What is required :: Starting at the line that contains "VIDEO: La protesta", set down each line exactly until the records end, keeping both ends and adding nothing.

Short descriptive text snippets
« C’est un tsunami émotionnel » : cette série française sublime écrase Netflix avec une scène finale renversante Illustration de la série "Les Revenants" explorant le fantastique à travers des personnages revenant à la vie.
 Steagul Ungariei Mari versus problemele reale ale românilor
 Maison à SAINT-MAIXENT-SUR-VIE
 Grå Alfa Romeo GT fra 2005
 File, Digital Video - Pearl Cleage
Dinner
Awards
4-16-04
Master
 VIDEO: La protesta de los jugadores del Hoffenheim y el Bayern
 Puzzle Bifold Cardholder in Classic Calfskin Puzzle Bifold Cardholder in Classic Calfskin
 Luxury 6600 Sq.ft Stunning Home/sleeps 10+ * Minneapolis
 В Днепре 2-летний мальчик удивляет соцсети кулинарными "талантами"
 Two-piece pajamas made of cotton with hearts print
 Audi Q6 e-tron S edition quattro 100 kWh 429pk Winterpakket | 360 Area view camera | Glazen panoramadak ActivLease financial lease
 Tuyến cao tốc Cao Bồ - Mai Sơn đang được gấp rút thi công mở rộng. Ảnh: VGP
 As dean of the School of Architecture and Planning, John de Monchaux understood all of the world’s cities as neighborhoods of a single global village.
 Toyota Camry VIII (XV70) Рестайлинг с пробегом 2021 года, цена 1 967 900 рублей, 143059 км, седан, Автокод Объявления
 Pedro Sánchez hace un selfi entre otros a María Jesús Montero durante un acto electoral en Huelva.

Answer to the exercise ::
 VIDEO: La protesta de los jugadores del Hoffenheim y el Bayern
 Puzzle Bifold Cardholder in Classic Calfskin Puzzle Bifold Cardholder in Classic Calfskin
 Luxury 6600 Sq.ft Stunning Home/sleeps 10+ * Minneapolis
 В Днепре 2-летний мальчик удивляет соцсети кулинарными "талантами"
 Two-piece pajamas made of cotton with hearts print
 Audi Q6 e-tron S edition quattro 100 kWh 429pk Winterpakket | 360 Area view camera | Glazen panoramadak ActivLease financial lease
 Tuyến cao tốc Cao Bồ - Mai Sơn đang được gấp rút thi công mở rộng. Ảnh: VGP
 As dean of the School of Architecture and Planning, John de Monchaux understood all of the world’s cities as neighborhoods of a single global village.
 Toyota Camry VIII (XV70) Рестайлинг с пробегом 2021 года, цена 1 967 900 рублей, 143059 км, седан, Автокод Объявления
 Pedro Sánchez hace un selfi entre otros a María Jesús Montero durante un acto electoral en Huelva.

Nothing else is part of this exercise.